She did not lift her hand.

“The phoenix is always with us, but in those moments, when it felt the blood of its own kind . . . a new hunger hit me. Hit us all. And the fight for dominance began.” Dante swallowed the ash. “When the fire died away, I was left standing. I thought it was over, but then my brother came for me. Wren cut my head from my body.”

Her hand rose then. Pressed against the glass over his. “Dante . . .”

“The fire started. I began to rise, and, through the flames, I saw him coming at me again.
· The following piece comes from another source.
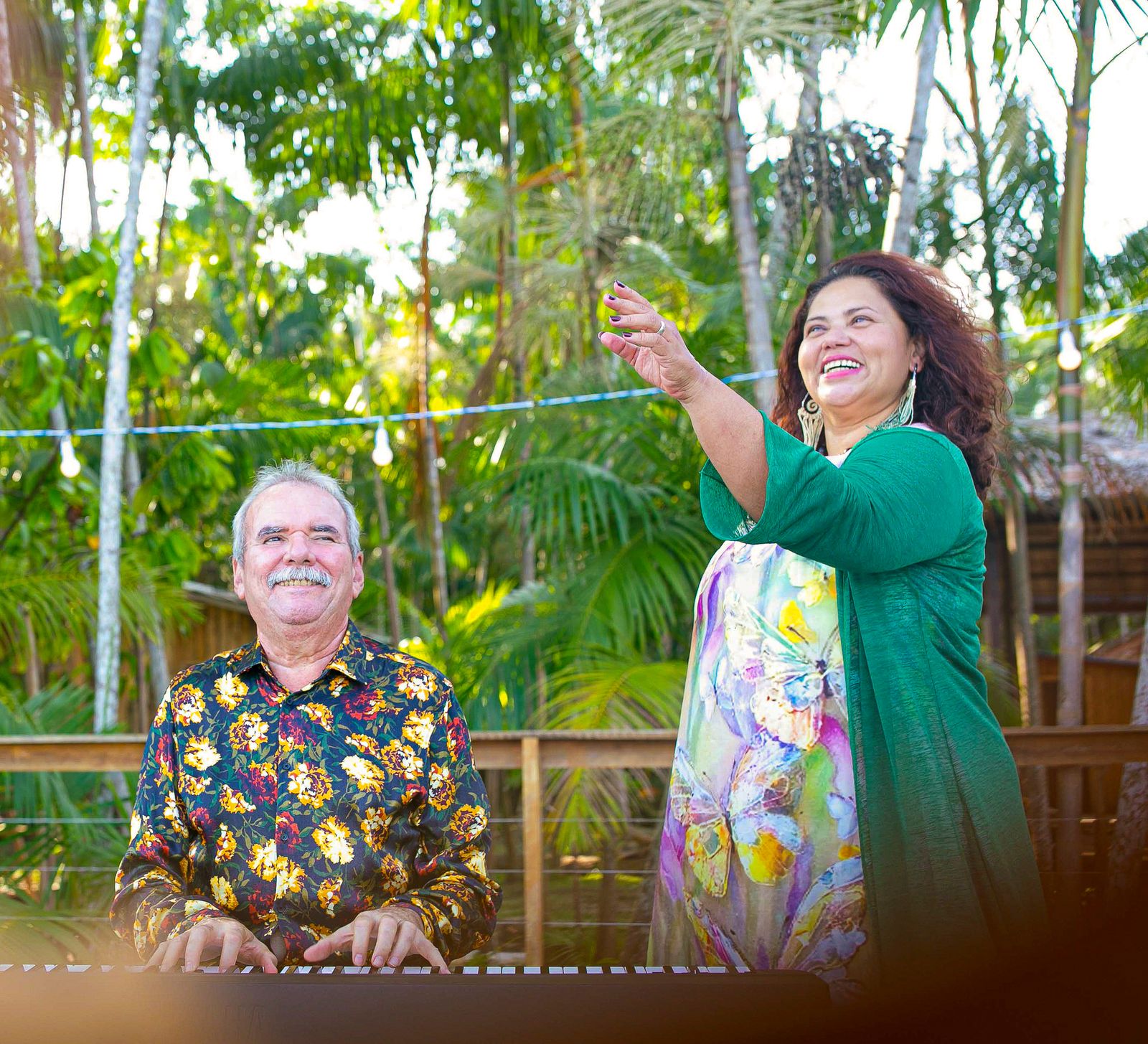 Soprano paraense Adriane Queiroz, e o pianista Paulo José Campos de Melo.
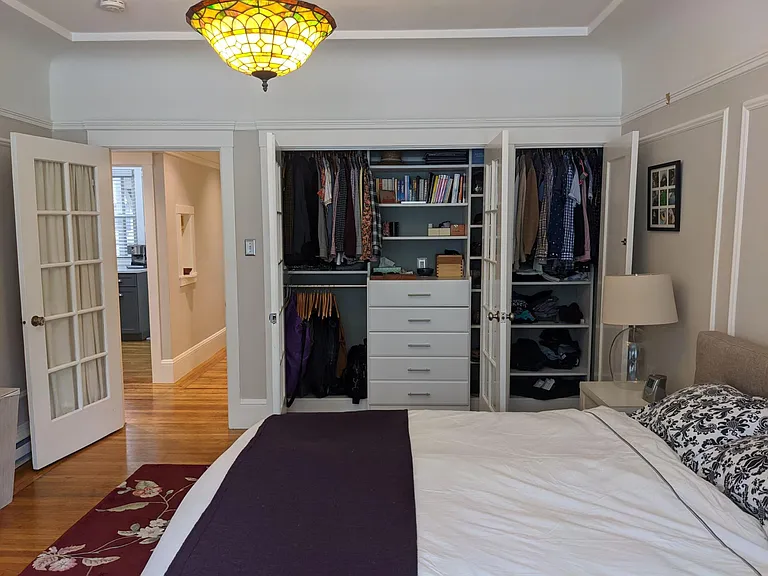 1535 Oak St — Photo 4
I knew Wren was going to kill me. My hearing was coming back, and Zura's words were ringing in my ears, even over the crackle of flames.
‘Kill him . . . kill him . . . let us be free!'

His brother had tried his best to kill him.

“What happened?”

Dante forced a shrug. “I didn't die. They did.” Zura should have been more specific with her words. She'd never named him, so Dante had risen, and a siren had ordered him to kill—and he had.

His fire had exploded—going for Wren and Zura. When Zura had begun to burn, Wren had lost his last hold on sanity.

I'm sorry, brother.
Dante had wished again and again for a different ending.

“Because of what happened then, you think every phoenix will come after you now?”

He shoved away the image of his brother. “It's what we do. That wasn't the only attack. Word spread after that—a phoenix's weakness is his own kind.”

“So it's better to be the
only
one, than to have a threat out there? That's crazy!”

“That's the way of the phoenix,” he told her quietly.

“That's the way of the insane. Cain isn't a threat to you. He isn't—”

“He'll realize what you are.”

“No, he doesn't think I'm
anything
but human. I asked him if I sounded different. If I smelled different. You know what he said? That his Eve smelled like paradise and temptation. Like every dream he'd ever had.”

There was an odd note in her voice. Almost . . . envy?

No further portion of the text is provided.